The film takes place in Jerusalem in an old section of the city known as Mea Shearim — where extremely pious Jews live (They used to throw stones at cars that entered the area on the Sabbath.) The story is of a butcher, Aaron (Zohar Strauss), his wife Rivka (Tinkerbel), and a young man, Ezri (Ran Danker).
One rainy day Ezri, a stranger in town, enters Aaron’s store to make a phone call. Aaron, who is attracted to the young man, offers him a job in the butcher shop. A sexual relationship develops slowly between the two men while Aaron continues his intimacy with Rivka, the mother of his four children. The community becomes suspicious of the two men, and some yeshiva students in the area subject both Aaron and Ezri to public denunciation and physical assault. How the situation is resolved is enthralling. The film deserves the comments made to me by those I met at Cinema Village.
The gay sex scenes are tepid, more symbolic than erotic. Those interested in viewing a lifestyle they never knew — that of the pious gay — while the acceptance of homosexuality is an issue around the world, will be enlightened.
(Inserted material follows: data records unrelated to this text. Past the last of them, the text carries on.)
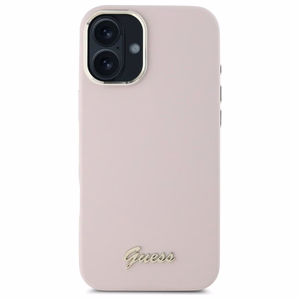 Guess Silikona Uzraksts Metāla Logo & Rāmis iPhone 16 Plus Apvalks - rozā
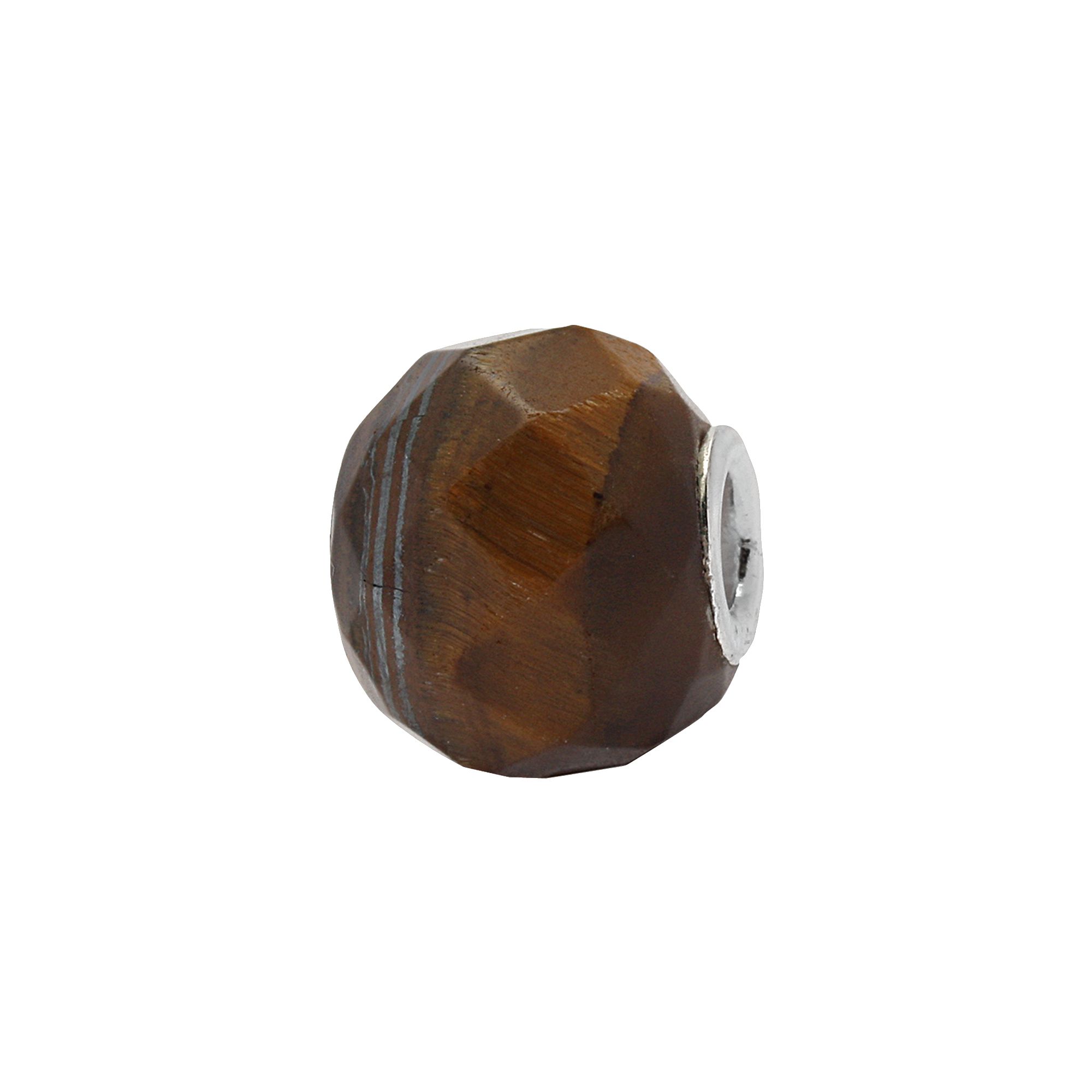 Individuality Beads Sterling Silver Multifaceted Glass Bead, Womens, Brown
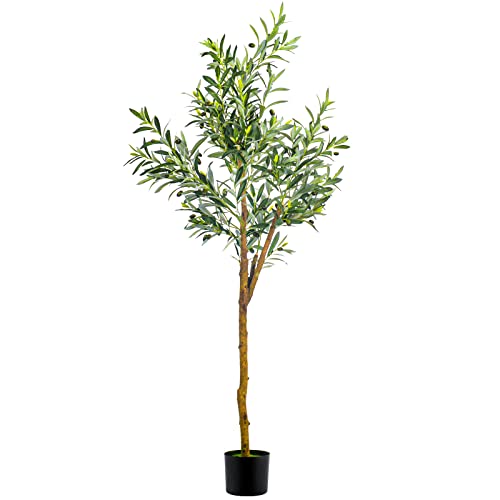 Aphighjoy Artificial Tree Olive Tree Fake Plants Home Decor Silk Tree With Planter Large Faux Olive Branches And Fruits For Home Decor Modern Balcony Corner Office Living Room Decor (5 Ft-1 Pack) #TOP10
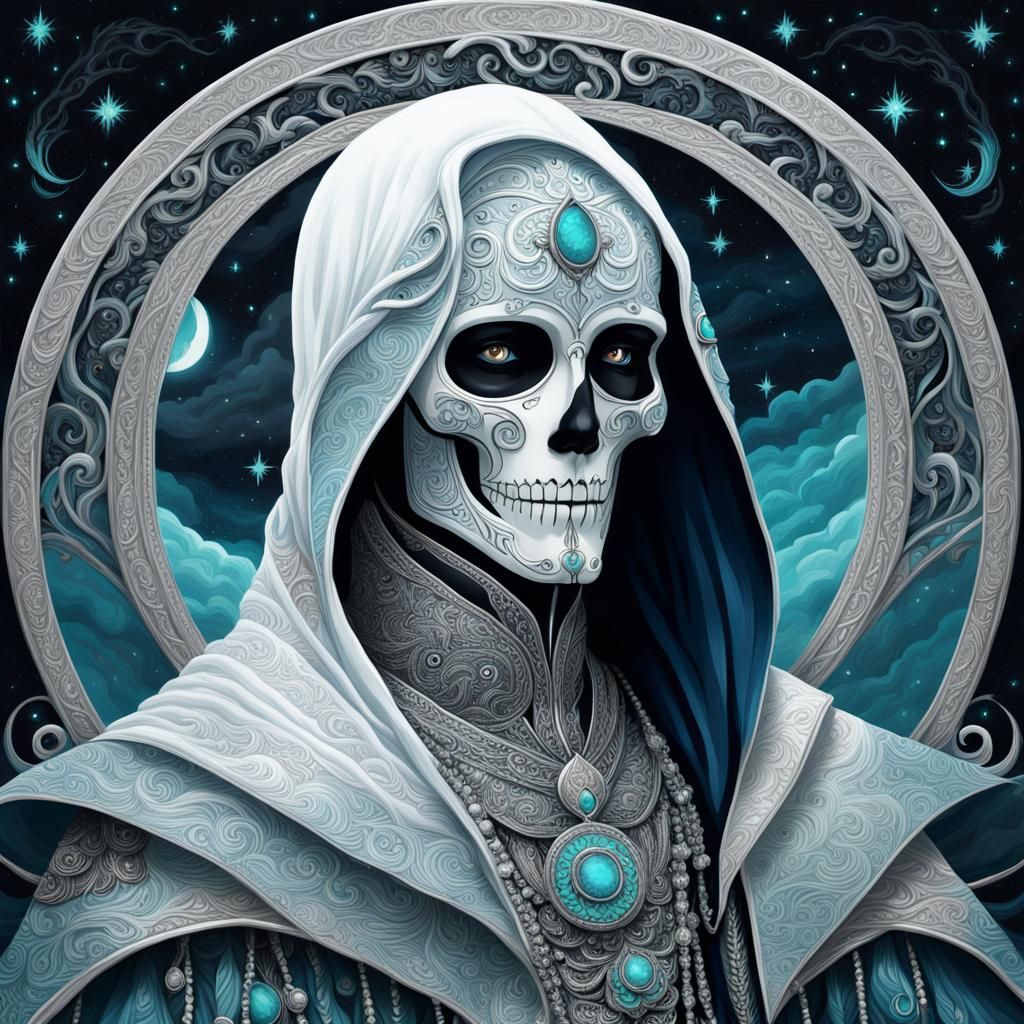 Celestial HarlequinPunk Portrait in Art Nouveau Style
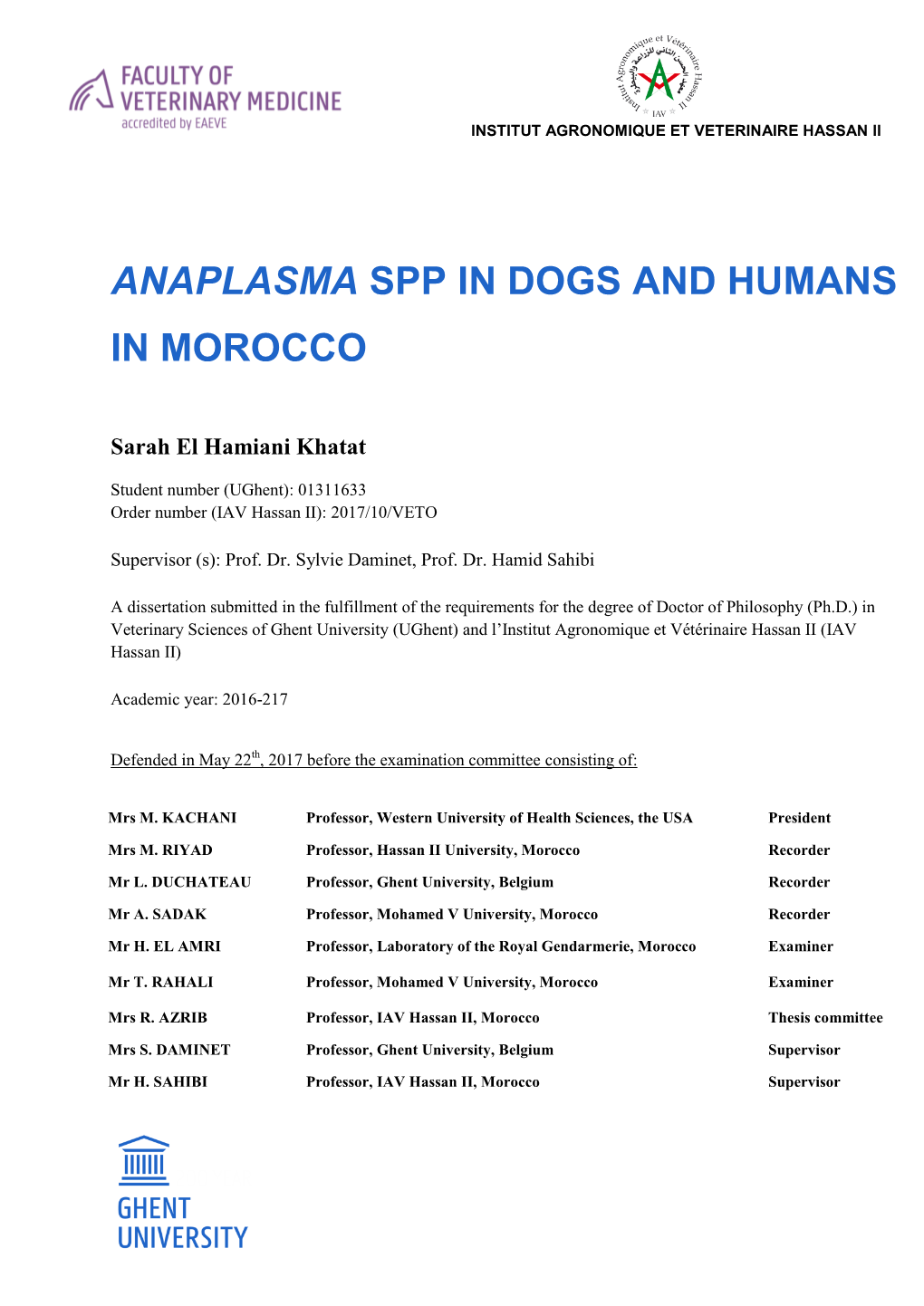 Anaplasma Spp in Dogs and Humans in Morocco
Henry Stern said: “There is incredible sadness in the seduction of a family man by a handsome itinerant. They pray daily in the yeshiva, but they follow their impulses in the bedroom. Ezri should go to the city where he can find brothers and live in peace. A tightly-knit theocratic neighborhood is no place for a gay man, but in a free country like Israel, he can find places where he can be accepted, serve in the army, and even be elected to the Knesset (as did Uzi Even, a chemistry professor, in 2002). Jew, gay, both or neither, you will learn something if you see this film.”
Unrated. 90 minutes. Hebrew/Yiddish (with English subtitles). At Cinema Village 22 E. 12th St. For screening times, call 212-924-3363., For the box office, call 212-924-3364.
Frozen” (+)
This film is a tour de force — not because of exceptional performances by the actors, but rather the outstanding directing of Adam Green (who also wrote the script). The script gave Green a limited area within which to work, and he carried it off superbly.
Three friends who appear to be in their 20s or early 30s — Parker (Emma Bell), Joe (Shawn Ashmore), and Dan (Kevin Zegers) — go skiing for a weekend at a New England resort. When the slope is about to close due to inclement weather, they convince the chair-lift operator to allow them to take one more ride. He agrees, and the three begin their ascent up the mountain.
On the way up the slope, the lift stops running. The groundskeeper has changed, and not knowing the three are on the lift, the new attendant has turned off the power. Now the tour de force. The director was able to captivate the audience while the three young people are, in effect, held prisoner one hundred feet above the ground while a wolf pack below waits for them to fall.
Apparently, this is not a film for everyone. At the 3:30 p.m. show that I attended two days after the movie opened, there were only six people in the audience. However, I would recommend this picture to you. I was riveted to the screen as these three foolish people suffered the consequences of their behavior.
Rated R. 134 minutes. Now screening at, among other places, AMC Lowes (890 Broadway, at 13th St.). Call 212-260-8173.